Tuesday, October 27, 2009
Today's NY Times has a strange article about how in Russia mushroom hunters often get lost and need rescuing because they space out and loose their bearings. There's a nice picture of a group of Boletes (Boletus Edulis)
Here's the link:
I got to thinking about John Cage because he once, famously, got lost in a haze while hunting mushrooms in some remore unfamiliar location--I think it was in upper Michigan.He spent the night in a tree fearing that bears might be about. A search party found him in the morning. (If this story if apocryphal, please let me know)
The above picture showing Cage in high spirits after a successful foray, reminds me of an encounter with him in Paris at the Cenre Pompidou sometime in the late seventies.

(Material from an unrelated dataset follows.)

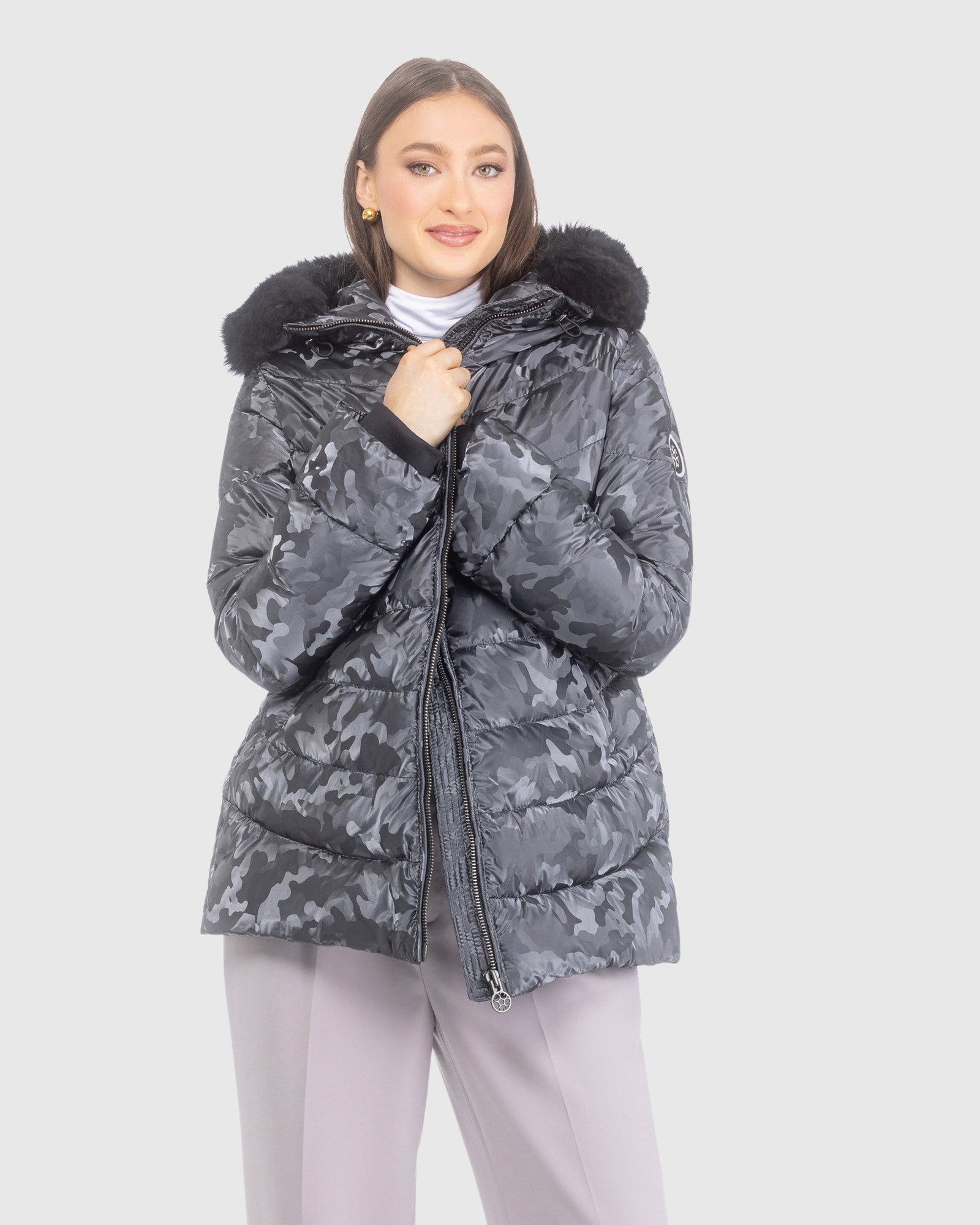 Après-Ski Jacket With Detachable Toscana Lamb Hood Trim | Gray Camo/Black (V4)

I was sitting in the bleachers watching the Merce Cunningham Dancers rehearsing--it was an open to the public event-- and I wondered if Cage was around as he often was on Cunningham tours. Just as I was about to leave through a side door, who should walk in but John himself with a nice looking, large basket in hand--much like the above pictured one. After a polite exchange of greetings, I looked down at the basket, which was covered with a white napkin, and said to him, rather knowingly, "How was the hunt? Have you found cepes? girolles?. In the Bois de Boulogne? He looked a bit puzzled and then broke into a smile and said in his familiar lilting voice,"Oh no, this is our lunch I get from the nearby "Biodynamique"--I'm afraid I don't eat mushrooms anymore--they're too "Yang" you know." Or was it "Yin"? I forget but it doesn't matter. The point is that he and Merce had been following a strict macrobiotic diet wherein mushrooms were proscribed.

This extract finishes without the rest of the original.